Wednesday, May 2, 2007; 12:50 AM
in every way
We finally had our first fight - and it's inevitable because obviously, we clash - you're an arsehole, a smartarse who couldn't care less, and I'm an obnoxiously straighforward, stubborn, selfish brat. In arguments, you're cold and bitter and I'm indignant and confused. After a few bouts of lathering on the emotional punches, we suddenly realized that we're bickering - like normal people do - and I found it surprisingly refreshing. I hated that you didn't care, and you hated that I didn't care - even though we were both too proud to admit it, and you gave up but I wouldn't let you. Then we rolled our eyes at each other and made up, started laughing and ended up talking until 3 am, once again. You looked at me for a while with this strange look on your face when you thought I wasn't looking, but I was looking at you too, and we smiled at each other and started telling each other to go to sleep. You were surprised that I have my hair let down, but I tell you that I always do, it's just that you usually never take any notice of me.
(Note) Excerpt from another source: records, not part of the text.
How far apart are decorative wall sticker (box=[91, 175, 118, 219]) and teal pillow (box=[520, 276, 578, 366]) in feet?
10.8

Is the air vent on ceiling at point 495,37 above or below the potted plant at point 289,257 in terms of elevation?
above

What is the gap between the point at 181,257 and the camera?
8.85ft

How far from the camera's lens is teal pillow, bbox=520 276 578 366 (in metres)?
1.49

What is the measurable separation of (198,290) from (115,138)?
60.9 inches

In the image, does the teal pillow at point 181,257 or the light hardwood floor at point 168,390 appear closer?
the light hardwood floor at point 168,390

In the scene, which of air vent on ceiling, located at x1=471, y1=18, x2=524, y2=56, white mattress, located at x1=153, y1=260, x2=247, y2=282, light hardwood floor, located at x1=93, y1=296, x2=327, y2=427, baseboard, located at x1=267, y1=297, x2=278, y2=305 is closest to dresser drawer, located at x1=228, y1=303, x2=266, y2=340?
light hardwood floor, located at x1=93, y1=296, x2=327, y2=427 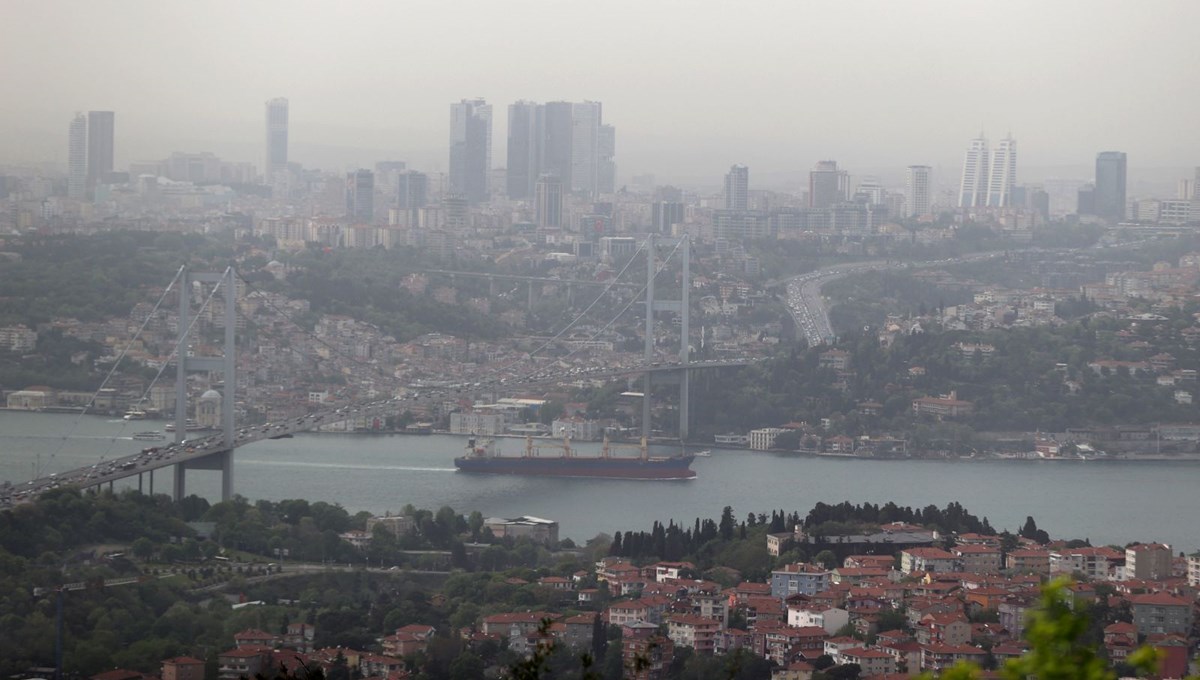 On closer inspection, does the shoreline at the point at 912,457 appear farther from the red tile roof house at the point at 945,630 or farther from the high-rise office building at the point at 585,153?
the high-rise office building at the point at 585,153

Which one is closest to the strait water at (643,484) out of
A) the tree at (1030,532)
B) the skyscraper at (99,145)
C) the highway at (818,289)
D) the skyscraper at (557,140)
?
the tree at (1030,532)

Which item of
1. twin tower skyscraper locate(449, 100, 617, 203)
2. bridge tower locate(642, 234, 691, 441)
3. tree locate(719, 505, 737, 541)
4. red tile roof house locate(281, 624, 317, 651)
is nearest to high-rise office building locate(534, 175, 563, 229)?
twin tower skyscraper locate(449, 100, 617, 203)

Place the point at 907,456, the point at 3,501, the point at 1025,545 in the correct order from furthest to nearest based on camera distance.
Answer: the point at 907,456
the point at 1025,545
the point at 3,501

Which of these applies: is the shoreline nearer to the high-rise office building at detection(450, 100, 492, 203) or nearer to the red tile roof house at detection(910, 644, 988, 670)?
the red tile roof house at detection(910, 644, 988, 670)

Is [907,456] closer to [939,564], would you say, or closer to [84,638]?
[939,564]

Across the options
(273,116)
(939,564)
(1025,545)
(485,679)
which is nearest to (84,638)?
(485,679)

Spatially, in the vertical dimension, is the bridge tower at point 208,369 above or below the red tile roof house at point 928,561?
above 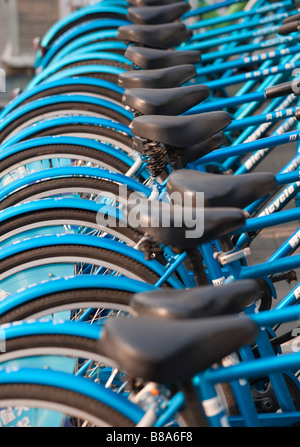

These few days spent with you have been the wildest rollercoaster of feelings I've ever experienced in my entire life, full of bursts of random emotion, heart-stopping rushes of adrenaline and never knowing what to expect. It's thrilling, and exciting, and nerve-racking and everything runs in a zig-zag motion where left isn't right and right isn't wrong. It's the first time I've ever experienced this kind of excitement with anyone - a rush of blood to the head. At first I compared you to him, but now I see the complete and utter difference, and if anything, you remind me most of Rei Kashino from Mars, complete with the bad-boy spontaineity and tender moments. You drive me crazy, and I never know what's going to happen when I'm with you, and it's incredible and wild and I feel like you're the door to this whole new, crazy, unpredictable world - completely outside of my safety net, my security blanket, and it's the thrill of stepping outside into the unknown that's making me want to run. There's no security with you, and no stability, and everything is suddenly not-so-innocent - but there's so much colour. I love how open and casual you are around me, how you tell me everything, how we can lapse in and out of comfortable silences and excited chattering. You lack the formality I sorely despise, I lack the patronising tone you deeply hate.

You escape with me, and you take me away from the mundane everyday that we're both so tired of. We're both tired of being alone and tired of silence and tired of taking crap from people around us, we both want to move out and we both laugh like crazy over the same silly things. It's no wonder we get along, and it's strange how well we click when just a month ago we barely knew each other's names. We're both damaged but we're not beyond repair. But we understand pain, and we understand despair, and most importantly, we understand loneliness. I'm the first girl you've been able to tell things to, and you're the first guy who's actually been able to decipher my hidden meanings with every word that comes out of my mouth. Not even my brother can do that, and he's my closest male relative.

And yet we probably won't be friends or talk to each other anymore in a year from now, because we're both ridiculously fickle and we're both much too stubborn to hold on.

It's hoping for the inevitable, but I hope it never happens.